In fact, the past few decades of work in the cognitive sciences of music have demonstrated with increasing persuasiveness that the human capacity for music is not cordoned off from the rest of the mind. On the contrary, music perception is deeply interwoven with other perceptual systems, making music less a matter of notes, the province of theorists and professional musicians, and more a matter of fundamental human experience.
Brain imaging produces a particularly clear picture of this interconnectedness. When people listen to music, no single ‘music centre’ lights up. Instead, a widely distributed network activates, including areas devoted to vision, motor control, emotion, speech, memory and planning. Far from revealing an isolated, music-specific area, the most sophisticated technology we have available to peer inside the brain suggests that listening to music calls on a broad range of faculties, testifying to how deeply its perception is interwoven with other aspects of human experience. Beyond just what we hear, what we see, what we expect, how we move, and the sum of our life experiences all contribute to how we experience music.

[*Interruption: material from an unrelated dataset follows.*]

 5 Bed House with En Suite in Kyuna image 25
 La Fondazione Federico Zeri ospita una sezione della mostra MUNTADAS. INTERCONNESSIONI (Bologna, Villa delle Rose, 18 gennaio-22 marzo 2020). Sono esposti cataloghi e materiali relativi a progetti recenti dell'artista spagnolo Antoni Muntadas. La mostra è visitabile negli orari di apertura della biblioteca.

If you close your eyes, you might be able to picture a highly expressive musical performance: you might see, for instance, a mouth open wide, a torso swaying, and arms lifting a guitar high into the air. Once you start picturing this expressive display, it’s easy to start hearing the sounds it might produce. In fact, it might be difficult to picture these movements without also imagining the sound.
Or you could look – with the volume muted – at two performances of the same piano sonata on YouTube, one by an artist who gesticulates and makes emotional facial expressions, and the other by a tight-lipped pianist who sits rigid and unmoving at the keyboard. Despite the fact that the only information you’re receiving is visual, you’ll likely imagine very different sounds: from the first pianist, highly expressive fluctuations in dynamics and timing, and from the second, more straightforward and uninflected progressions.
Could it be that visual information actually affects the perception of musical sound, and contributes substantially to the overall experience of a performance? Numerous studies have attempted to address this question. In one approach, the psychologist Bradley Vines at McGill University in Canada and colleagues video-recorded performances intended to be highly expressive as well as ‘deadpan’ performances, in which performers are instructed to play with as little expressivity as possible. Then the researchers presented these recordings to the participants, either showing them just the video with no sound, or playing them just the audio with no video, or playing them the full audiovisual recording – or, in a particularly sneaky twist, playing them a hybrid video, in which the video from the expressive performance was paired with the audio from the deadpan performance, and vice versa.
It turns out that participants tend to describe as more expressive and emotional whichever performance is paired with the more expressive video – rather than the recording with the more expressive sound. In a separate experiment, the psychologist Chia-Jung Tsay at University College London showed that people predicted the winners of music competitions more successfully when they watched silent videos of their performances than when they merely heard the performances, or watched the video with the sound on.
Pairing minor (sad) audio with major (happy) video leads to the minor music being rated as happier
Music, it seems, is a highly multimodal phenomenon. The movements that produce the sound contribute essentially, not just peripherally, to our experience of it – and the visual input can sometimes outweigh the influence of the sound itself.